These are the key concepts you need to understand to accurately answer the question.

Radial Force
Radial force plays a crucial role in understanding how objects behave when they move in a circle. When objects, like laundry in a washing machine drum, spin in a circular path, a force acts perpendicular to their velocity, pulling them towards the center of the circle. This force is known as radial or centripetal force.

The formula to calculate radial force is:
  • \( F_r = m \cdot \omega^2 \cdot r \)
where:
  • \( F_r \) is the radial force,
  • \( m \) is the mass of the object,
  • \( \omega \) is the angular speed in radians per second, and
  • \( r \) is the radius of the circular path.
For the washing machine problem, the radial force changes with speed. As we increase the angular speed from 423 to 640 revolutions per minute, the centrifugal force increases dramatically. Using the given formula, we found that the maximum radial force for the higher speed is approximately 2.28 times greater than at the lower speed.

This increase is because radial force is proportional to the square of the angular speed. When you double the speed, you quadruple the force exerted inwards.
Tangential Speed
Tangential speed is another important concept when dealing with circular motion. Unlike radial force which acts towards the center, tangential speed refers to how fast the object moves along the circular path. It is the linear speed of any point rotating at radius \( r \).

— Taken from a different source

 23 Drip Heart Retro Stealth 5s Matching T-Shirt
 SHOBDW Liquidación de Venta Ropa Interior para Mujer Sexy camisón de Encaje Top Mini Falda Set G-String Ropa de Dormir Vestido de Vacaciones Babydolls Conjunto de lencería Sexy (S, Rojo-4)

For an object in circular motion, tangential speed \( v \) is calculated as:
  • \( v = \omega \cdot r \)
where:
  • \( v \) is the tangential speed,
  • \( \omega \) is the angular speed, and
  • \( r \) is the radius of the circular path.
In the context of the washing machine exercise, we calculated the tangential speed ratios for speeds of 423 rpm and 640 rpm, resulting in a ratio of approximately 1.51. This means that the tangential speed at the higher speed is about 1.51 times that at the lower speed.

Understanding tangential speed helps in visualizing how quickly a point on a spinning drum is moving. It is especially critical in applications like washing machines, where high tangential speeds help clean clothes by forcing water out more efficiently.
Radial Acceleration
Radial acceleration, also known as centripetal acceleration, is the rate at which an object's velocity changes direction towards the center of its circular path. This happens not because the speed itself changes, but because the direction of the velocity changes continuously during circular motion.

We calculate radial acceleration using the formula:
  • \( a_r = \omega^2 \cdot r \)
where:
  • \( a_r \) is the radial acceleration,
  • \( \omega \) is the angular speed, and
  • \( r \) is the radius.
In the solution, for a drum with a diameter of 0.470 m, the maximum radial acceleration during the higher spin cycle (640 rpm) was very high, approximately 1055.37 \( \text{m/s}^2 \). When expressed in terms of gravity ('\( g \) where \( g = 9.81 \text{m/s}^2 \)'), this equated to about 107.58 \( g \).

This high value indicates how powerful circular motions are regarding force and acceleration. It explains why it's essential for machines and rotating systems to be engineered to endure these high forces without suffering damage.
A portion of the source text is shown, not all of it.